Non hai mai capito niente

Da Marcofre

Frammento dalla mia raccolta di racconti “Non hai mai capito niente”.  

Buona lettura


Era domenica. Lui si affacciò sulla soglia della camera da letto verso le dieci, il passo pesante dentro un paio di ciabatte troppo grandi. Osservò il corpo seminudo della moglie disteso sul letto; dal respiro concluse che era sveglia. Si schiarì la voce un paio di volte, e disse:
– Ti alzi?
Una fitta allo zigomo sinistro gli fece portare la mano al volto. La sera prima si erano pestati per bene, e l’avevano finita solo perché temevano che i vicini avrebbero chiamato i Carabinieri. Non erano passati nemmeno undici mesi dal matrimonio. Lei mosse i piedi sotto il lenzuolo, non rispose. Lui si voltò, uscì dalla camera e mormorò:
– Cazzo.

Era arrivato a casa alle undici, e non aveva trovato la cena. Aveva chiesto spiegazioni, il tono della voce si era alzato; si era messo a urlare di fronte al silenzio della moglie, seduta al tavolo della cucina con una sigaretta tra le mani, gli occhi fissi davanti a sé.
D’un tratto lei aveva gettato a terra il mozzicone, era balzata in piedi, era rimasta immobile per alcuni secondi. Aveva estratto il sacchetto della spazzatura dal bidone e glielo aveva mostrato.
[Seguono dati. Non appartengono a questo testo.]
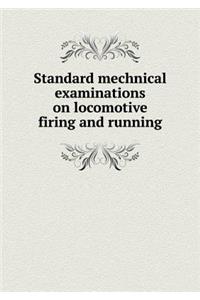 Standard Mechnical Examinations on Locomotive Firing and Running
Aveva gridato che lui smetteva di lavorare alle sei, e dal magazzino a casa ci si impiegava al massimo dieci minuti, a piedi. La cena era rimasta in tavola sino alle otto e lei ne aveva abbastanza di aspettare i suoi comodi. E il suo cellulare sempre spento. Aveva ficcato le mani tra i rifiuti, abbrancato un po’ di fusilli e glieli aveva gettati in faccia. Lui l’aveva colpita con un manrovescio. Di seguito calci, pugni, morsi, schiaffi, poi si era passati alle stoviglie.
In cucina si passò una mano sui capelli, aprì la finestra per cambiare l’aria, alzò la tapparella e tornò a contemplare il disastro. Il pavimento ero cosparso di cocci di vetro, piatti e tazzine frantumate, acqua, rifiuti, posate, pezzi di stoffa.
Prese alcuni sacchetti della spazzatura, la scopa e la paletta e fece ordine. Buttò sul pavimento i frammenti che ricoprivano il tavolo quadrato, rovesciò le sedie e le sistemò sul piano. Spostò il divano sul quale aveva dormito, raccolse i frammenti di vetro che erano finiti lì dietro. Riempì due sacchi, li legò e li portò accanto alla porta d’ingresso; forse era tempo di usare piatti e bicchieri di carta, pensò. Nella dispensa recuperò un paio di stracci, tornò in cucina e asciugò il pavimento.